Then again, this is not uncommon.
And here's the subject:
As Tehran has wreaked havoc on regional order and peace over the last three decades, the world has indulged it. To be sure, Saddam Hussein launched a brutal war in 1980 against his nemesis, Ayatollah Ruhollah Khomeini. That cruel conflict, which sought to quarantine the revolution, ended in a terrible stalemate; and it never posed an existential threat to the clerical state that Khomeini had built. Quite to the contrary, that war enabled the new rulers to consolidate their hold.
Over the course of its three decades in power, this revolutionary regime has made its way in the world with relative ease. No "White Army" gathered to restore the lost dominion of the Pahlavis; the privileged classes and the beneficiaries of the old order made their way to Los Angeles and Paris, and infidel armies never showed up. Even in the face of great violation – the holding of American hostages for more than 400 days – the indulgence of outside powers held.

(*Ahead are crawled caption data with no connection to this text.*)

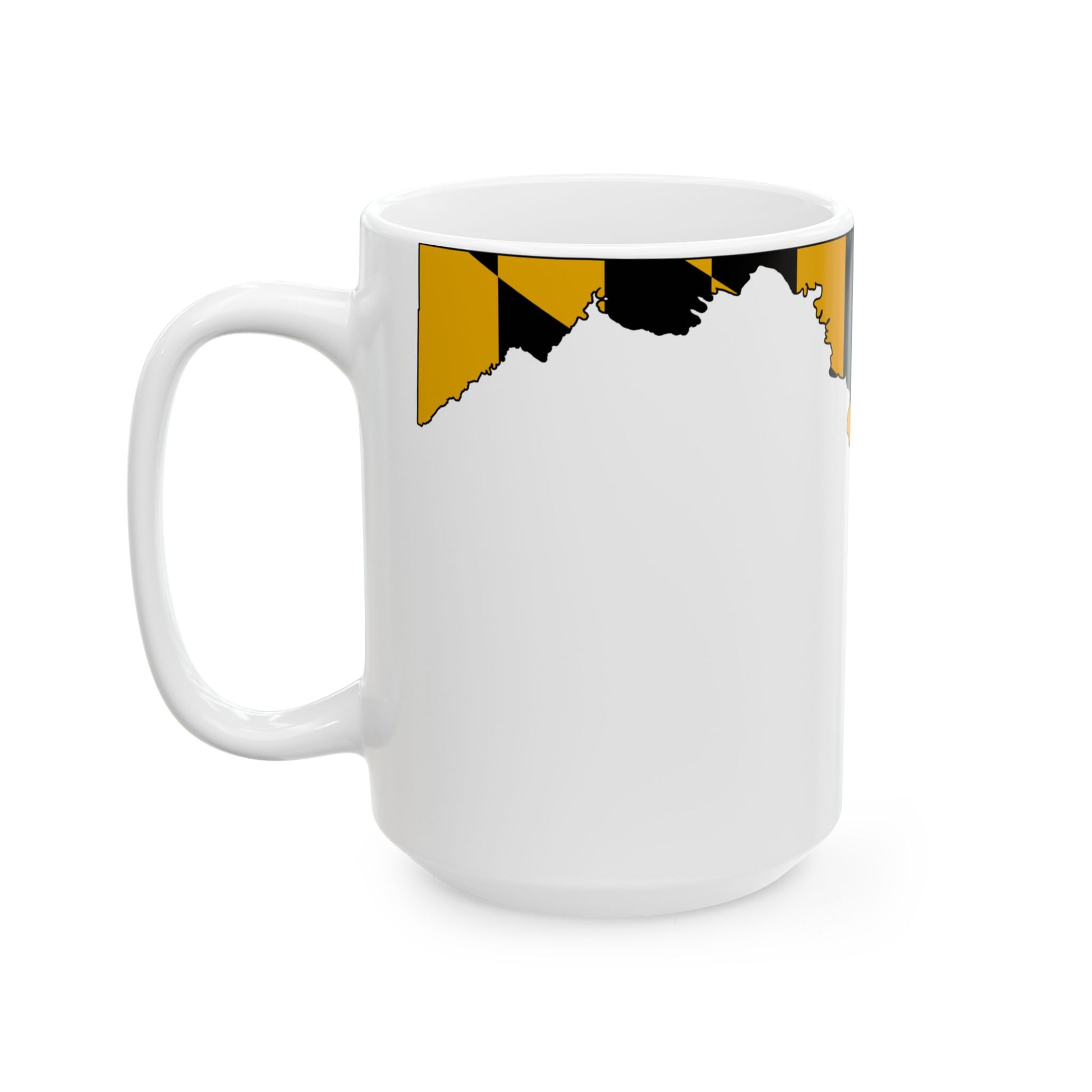 Flag-map of Maryland (United States) White Coffee Mug-Go Mug Yourself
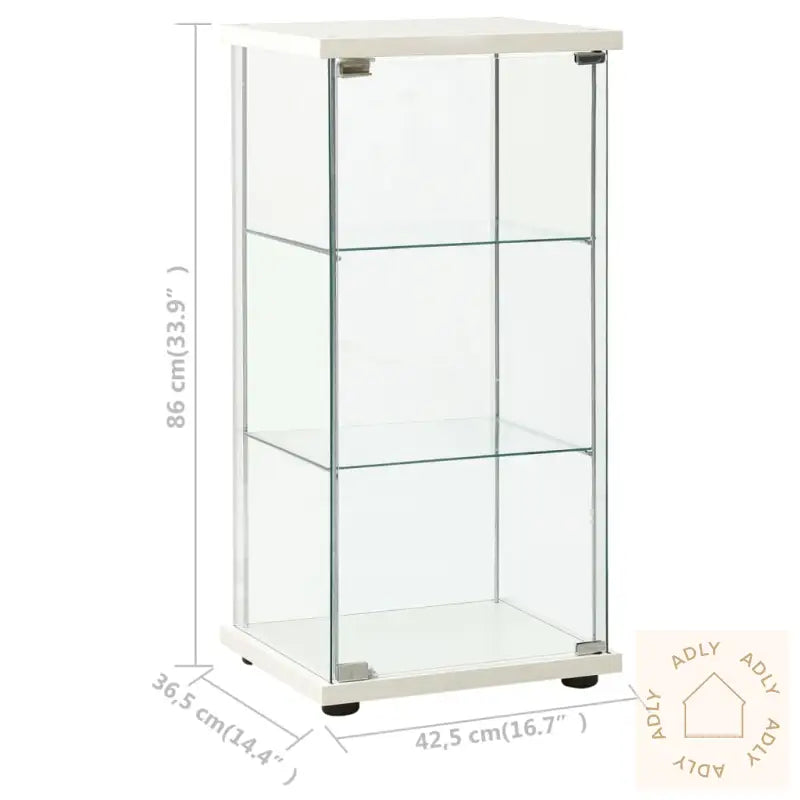 Oppbevaringsskap Herdet Glass Hvit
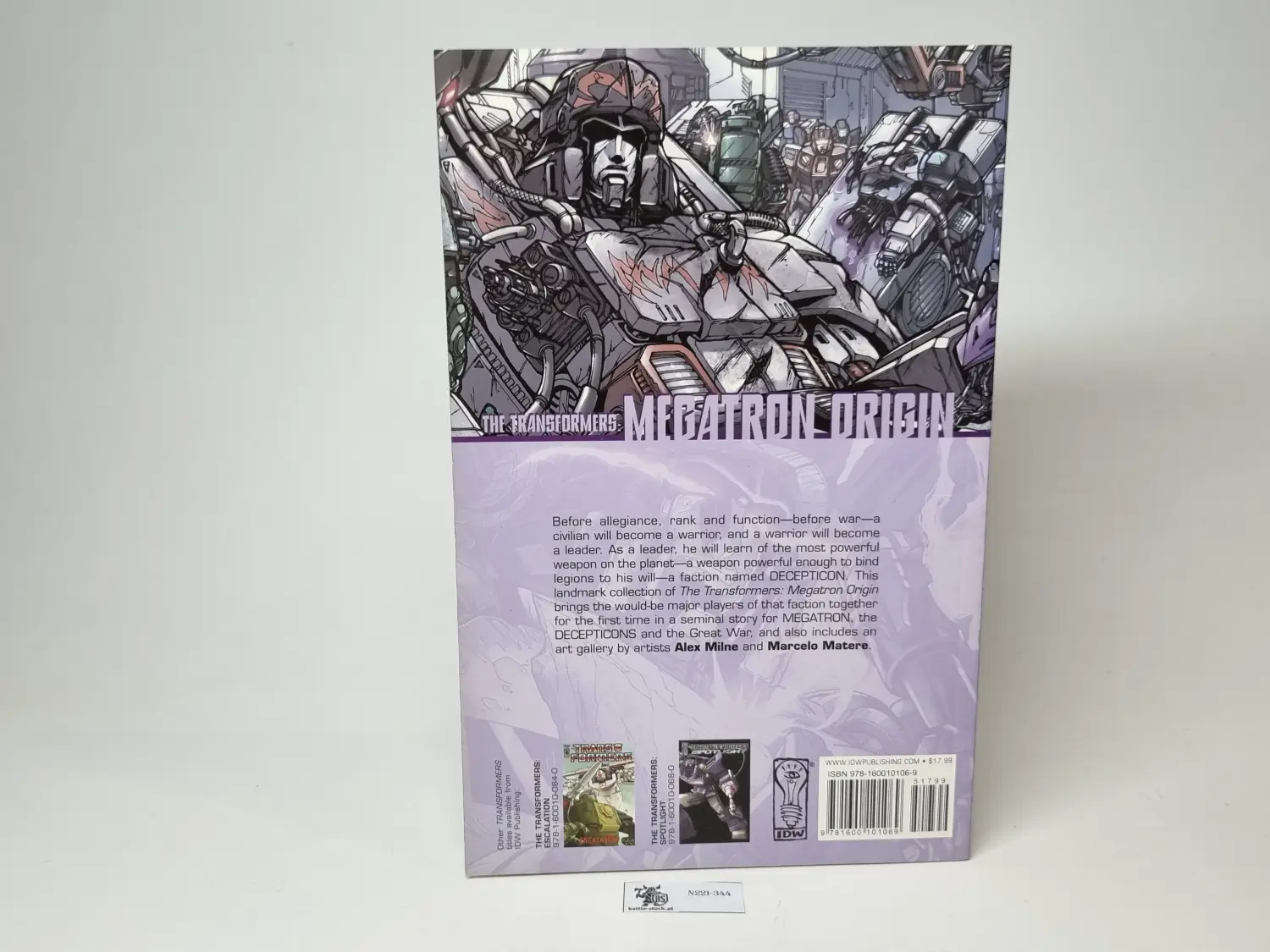 transformers megatron origin komiks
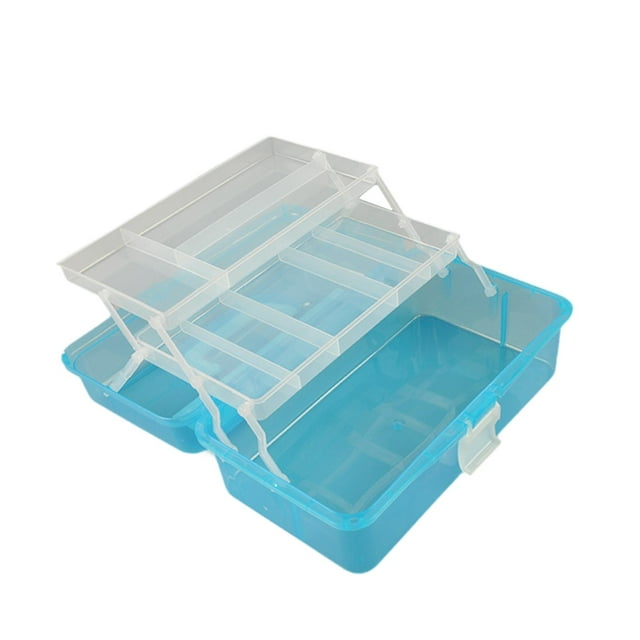 capas Box de almacenamiento plegable Caja de herramientas Multi compartimentos Case de herramientas de almacenamiento de contenedores para claro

Compare the path of the Iranian revolutionaries with the obstacles faced by earlier revolutions, and their luck is easy to see. Three years into their tumult, the tribunes of the French Revolution of 1789 were at war with the powers of Europe. The wars of the French Revolution would last for well over two decades. The Bolsheviks, too, had to fight their way into the world of states. The civil war between the White and Red Armies pulled the Allies into the struggle. A war raged in Russia and in Siberia. It was only in 1921 that Britain granted the Soviet regime de facto recognition.